- **The input**:
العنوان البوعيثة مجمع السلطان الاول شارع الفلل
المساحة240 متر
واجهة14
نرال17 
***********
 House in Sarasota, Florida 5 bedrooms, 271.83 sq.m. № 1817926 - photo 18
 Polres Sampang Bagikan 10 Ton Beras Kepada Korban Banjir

- **Your objective**:
Return every record above exactly as written.

- **The completed task**:
العنوان البوعيثة مجمع السلطان الاول شارع الفلل
المساحة240 متر
واجهة14
نرال17 
***********
 House in Sarasota, Florida 5 bedrooms, 271.83 sq.m. № 1817926 - photo 18
 Polres Sampang Bagikan 10 Ton Beras Kepada Korban Banjir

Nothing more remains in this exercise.